Few are privileged to witness the creation of history. In the 1940s, many emerged who could lay claim as its makers – Edward Mountbatten, Mohandas Karamchand Gandhi, Jawaharlal Nehru, to name a few. But it took one person to immortalize them all – Homai Vyarawalla, India’s first female photojournalist.
You couldn’t miss the sight of her at history’s many trysts with destiny. A petite Parsi lady in a Sari wielding a nine kg Rolleiflex camera, trying to be unobtrusive – often succeeding – and capturing the intimate, real moments of the biggest names of the time.

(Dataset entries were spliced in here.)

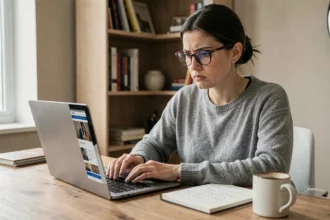 Femme analysant un site web suspect sur un ordinateur portable avec des notes manuscrites, illustrant la vérification d'une plateforme en ligne avant investissement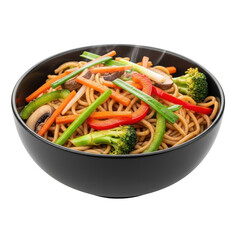 Vegetable stir fry with noodles isolated on transparent background
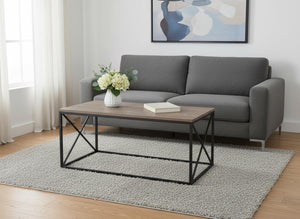 HomeRoots 41" Taupe and Black Metal Coffee Table - Stylish Rectangular Design for Modern Living Spaces & Offices 489949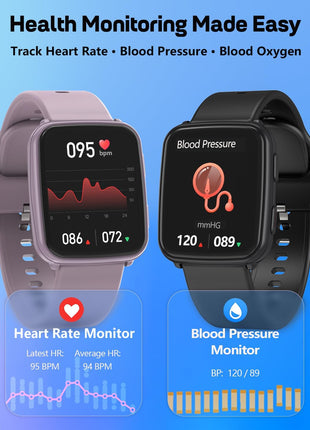 MorePro Fitness Tracker with 24/7 Heart Rate & Blood Pressure Monitor, Blood Oxygen & Sleep Tracker, Smart Watch with Step Calorie Counter, IP68 Waterproof Activity Tracker for Women Men Android iOS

After her boyfriend, Manekshaw Vyarawalla (later husband), introduced her to photography, she took up a course at the J.J. School of Arts in Bombay. Her break came in 1942 when the British Information Service shifted office to Delhi during the war – and needed a photographer. Homai cycled the streets of Delhi carrying her bulky equipment. She soon became a familiar sight in influential circles.

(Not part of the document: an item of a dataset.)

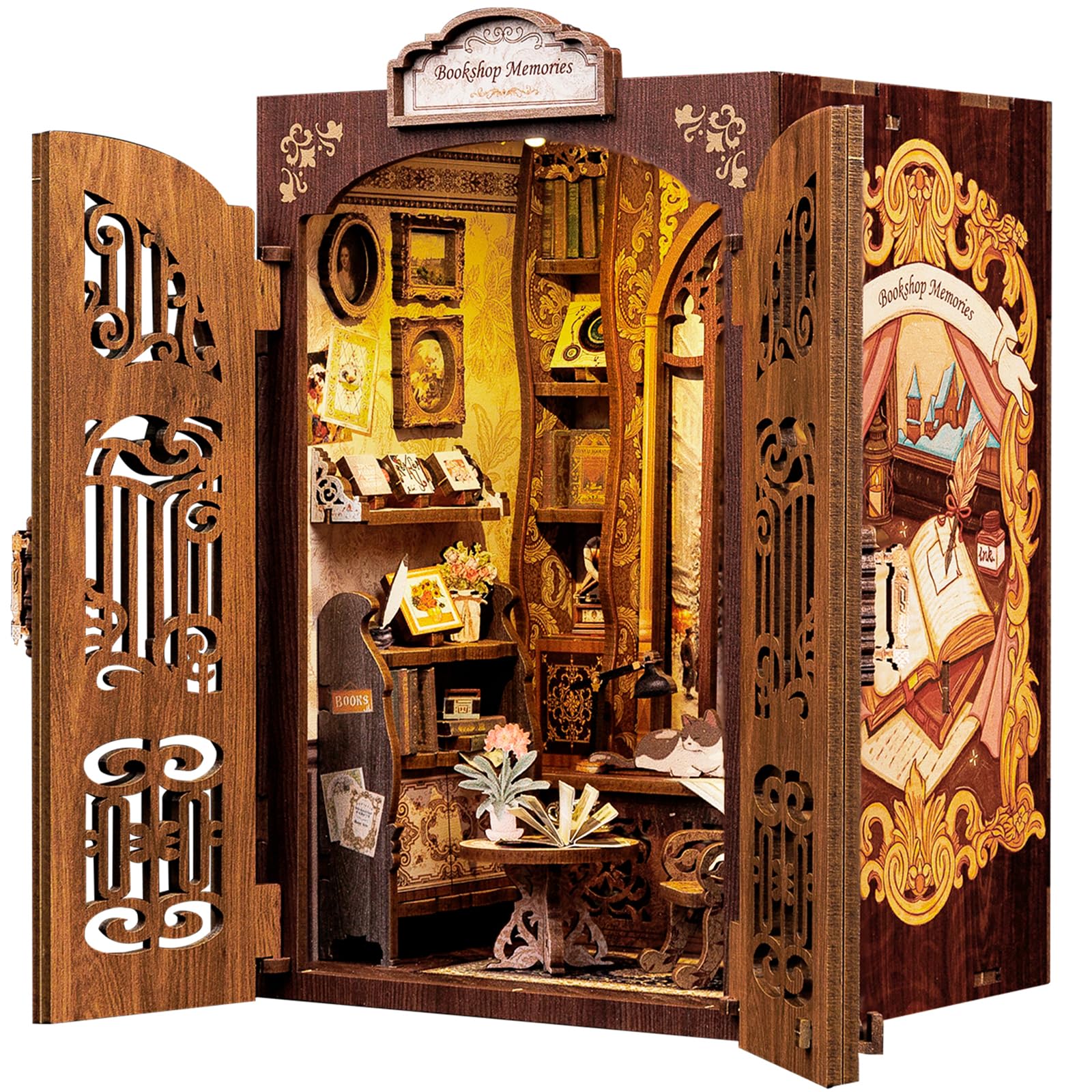 CUTEBEE Book Nook kit contents showcase all parts for a hands-on, imaginative setup.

As she wrote in an article for The Hindu:
Though I was on the payroll of the British Information Service, they allowed me to do private work outside office hours, taking pictures of prominent personalities for some magazines in Mumbai as well as for foreign agencies. From the initial ‘Who is she? What is she doing here?’ kind of reaction, the response changed to ‘Where is she? Why hasn’t she come?’.